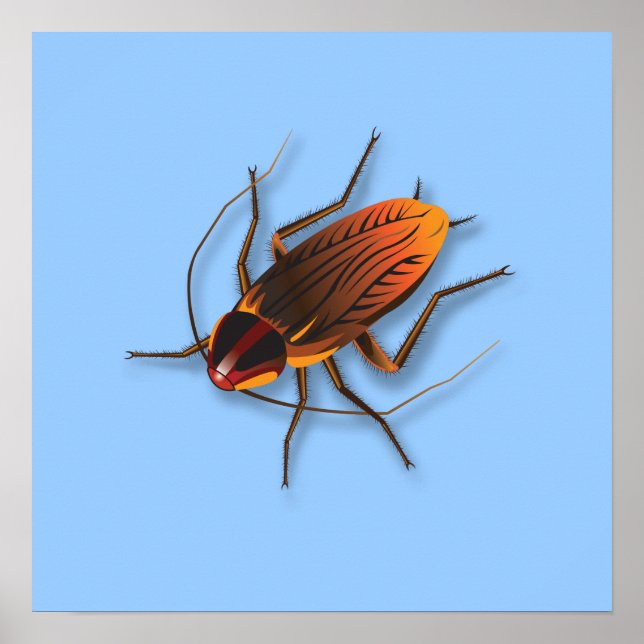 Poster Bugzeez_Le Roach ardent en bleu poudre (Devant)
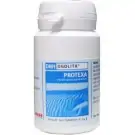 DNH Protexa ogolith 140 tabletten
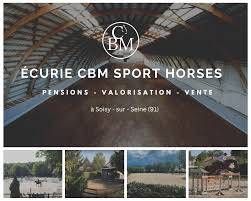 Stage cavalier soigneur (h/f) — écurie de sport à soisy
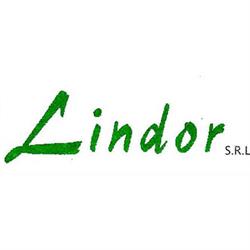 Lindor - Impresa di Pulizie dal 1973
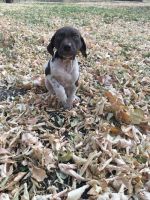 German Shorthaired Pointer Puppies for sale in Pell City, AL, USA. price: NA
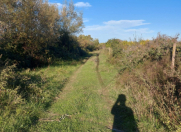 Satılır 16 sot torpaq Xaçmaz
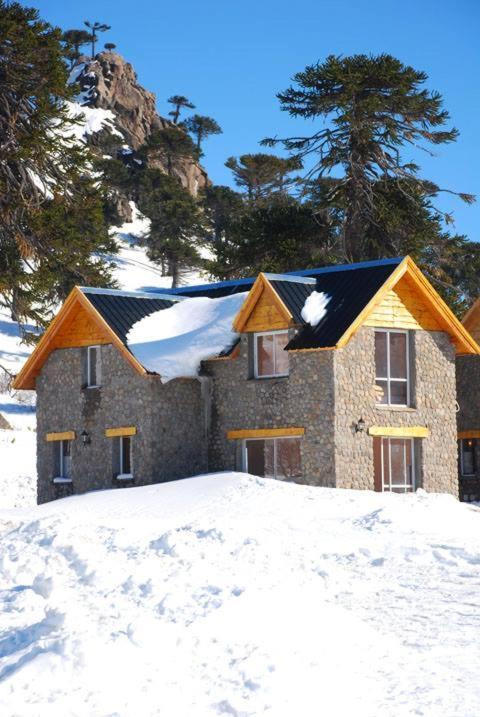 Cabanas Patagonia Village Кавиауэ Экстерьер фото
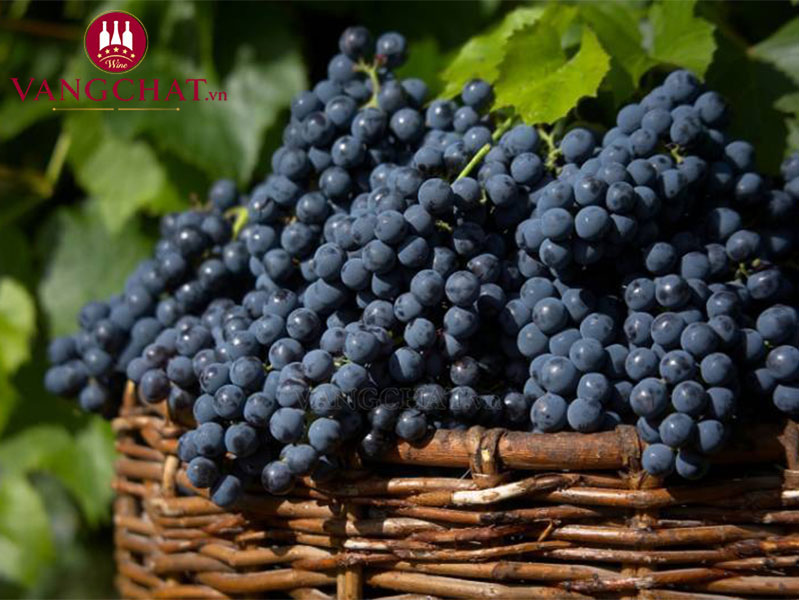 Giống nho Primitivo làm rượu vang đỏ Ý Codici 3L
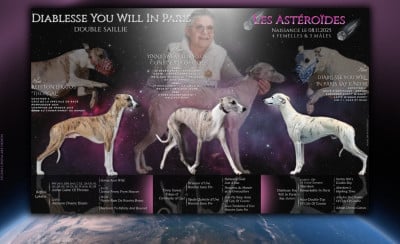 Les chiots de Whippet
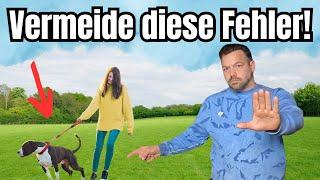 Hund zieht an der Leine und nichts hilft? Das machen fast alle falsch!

+++

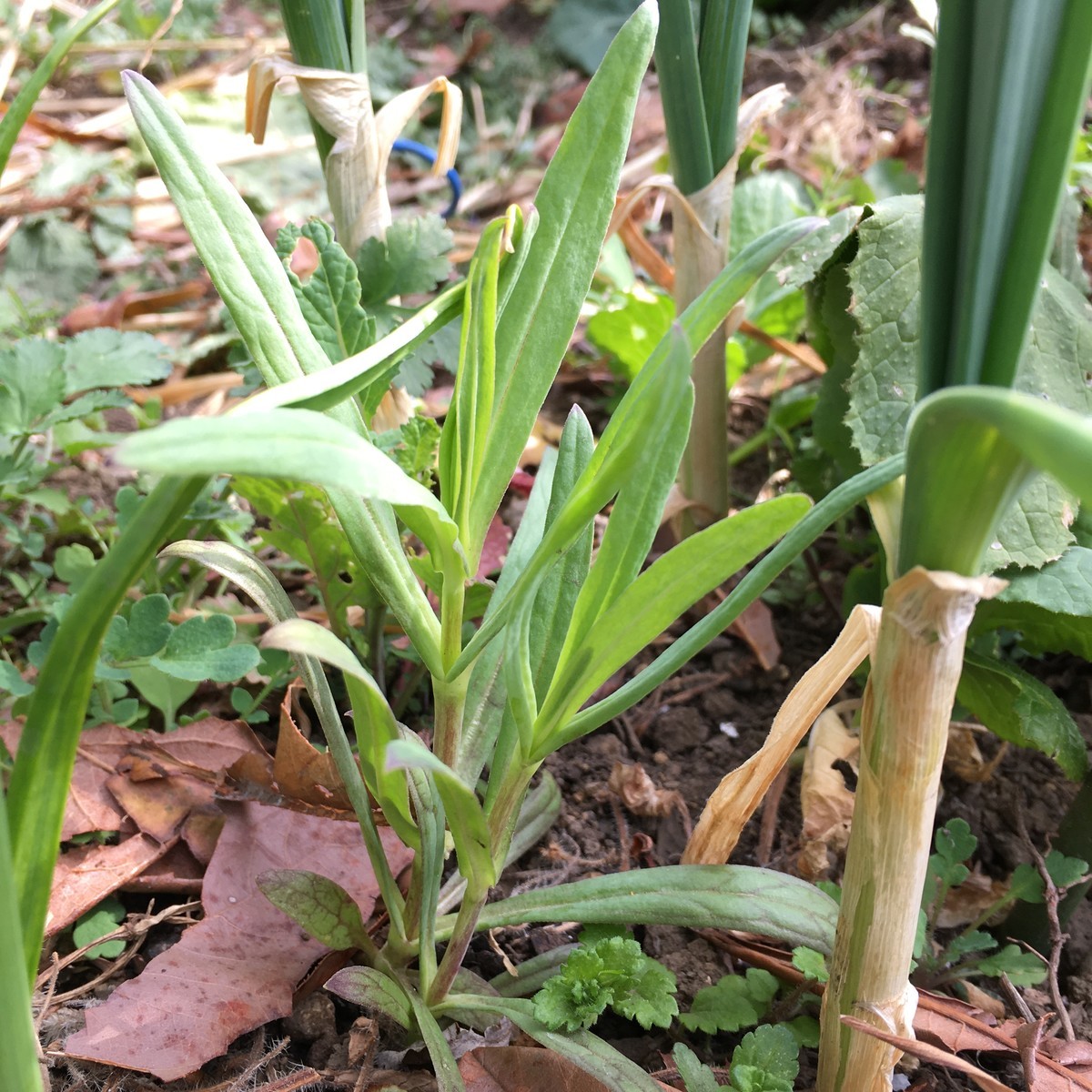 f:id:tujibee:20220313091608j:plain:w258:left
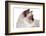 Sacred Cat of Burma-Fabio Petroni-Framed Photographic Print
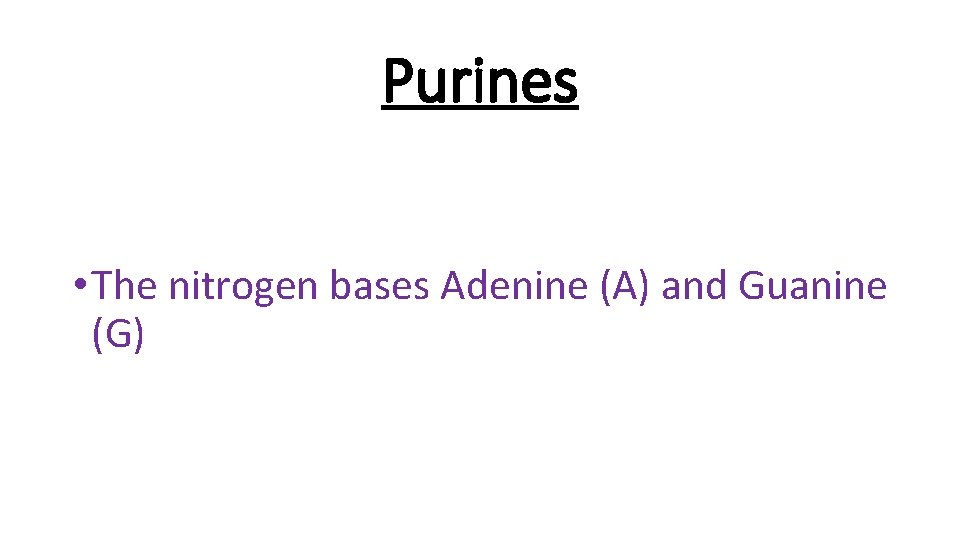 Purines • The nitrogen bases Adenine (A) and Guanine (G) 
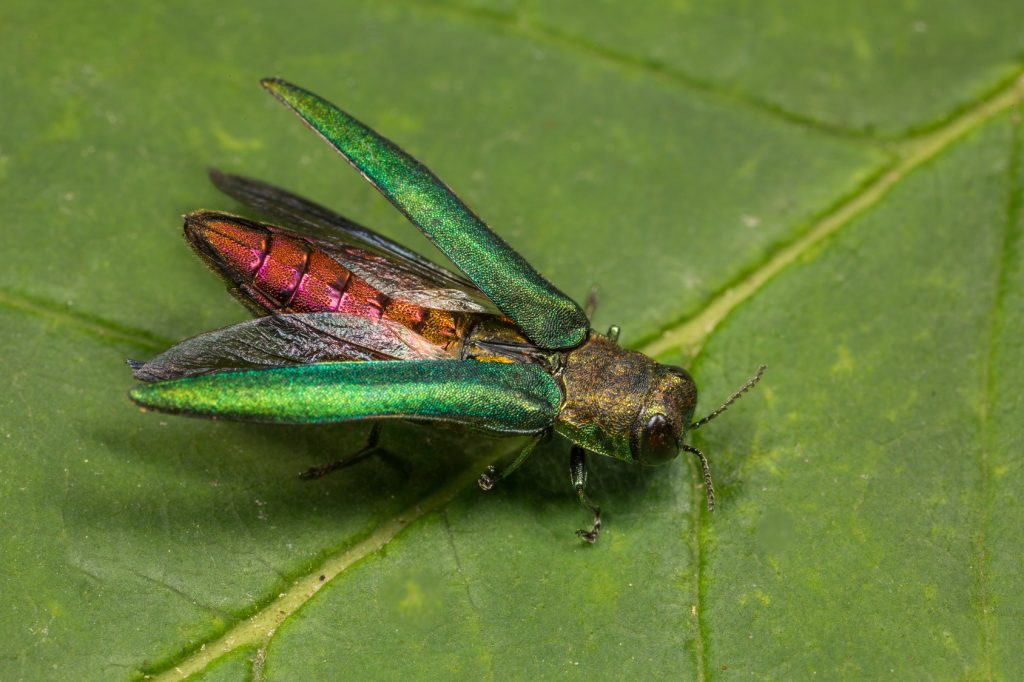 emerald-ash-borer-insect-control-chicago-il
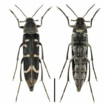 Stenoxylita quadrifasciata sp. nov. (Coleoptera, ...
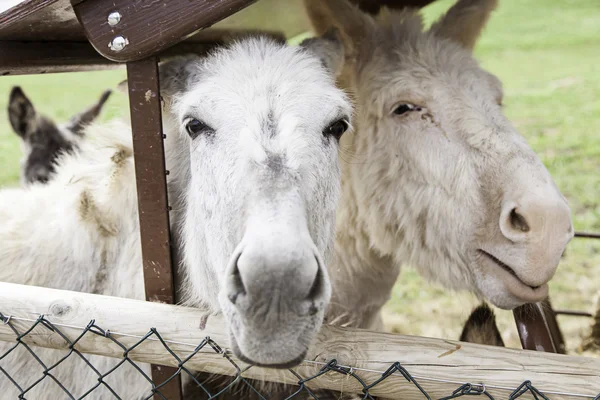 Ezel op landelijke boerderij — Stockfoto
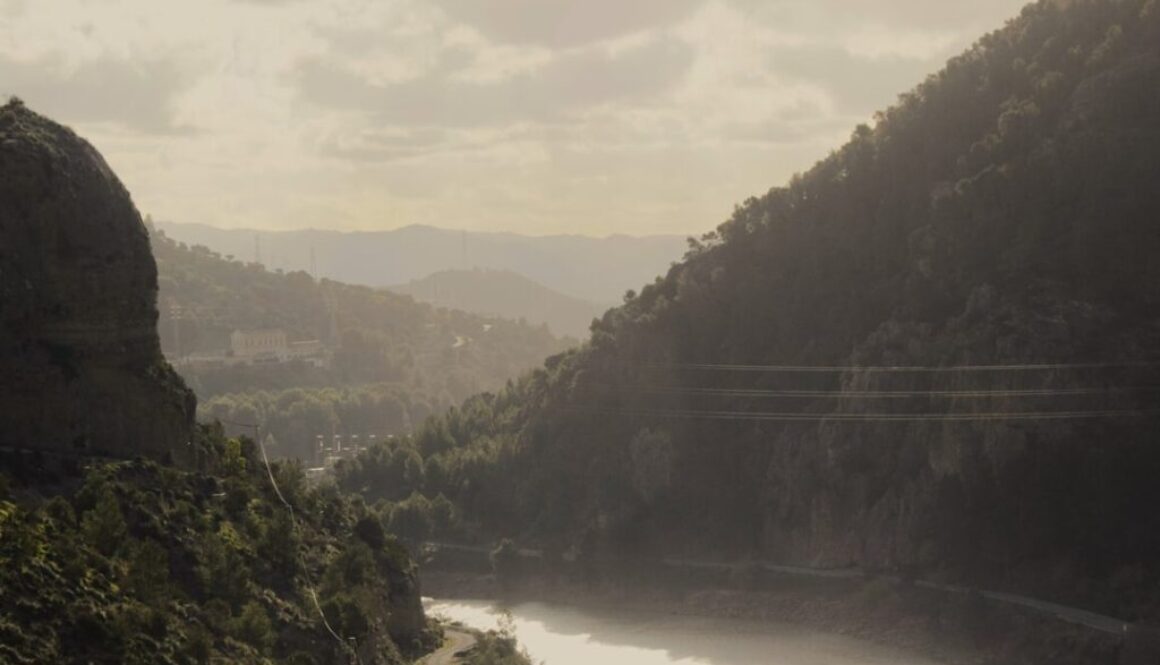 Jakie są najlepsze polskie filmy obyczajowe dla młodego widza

+++

• Your objective
Only one stretch of the data is wanted: write out exactly the lines from the one holding "DNH Protexa ogolith 140 tabletten" through the one holding "Hund zieht an", both included, without the pictures.

• Answer box
 DNH Protexa ogolith 140 tabletten
 Stage cavalier soigneur (h/f) — écurie de sport à soisy
 Lindor - Impresa di Pulizie dal 1973
 German Shorthaired Pointer Puppies for sale in Pell City, AL, USA. price: NA
 Satılır 16 sot torpaq Xaçmaz
 Cabanas Patagonia Village Кавиауэ Экстерьер фото
 Giống nho Primitivo làm rượu vang đỏ Ý Codici 3L
 Les chiots de Whippet
 Hund zieht an der Leine und nichts hilft? Das machen fast alle falsch!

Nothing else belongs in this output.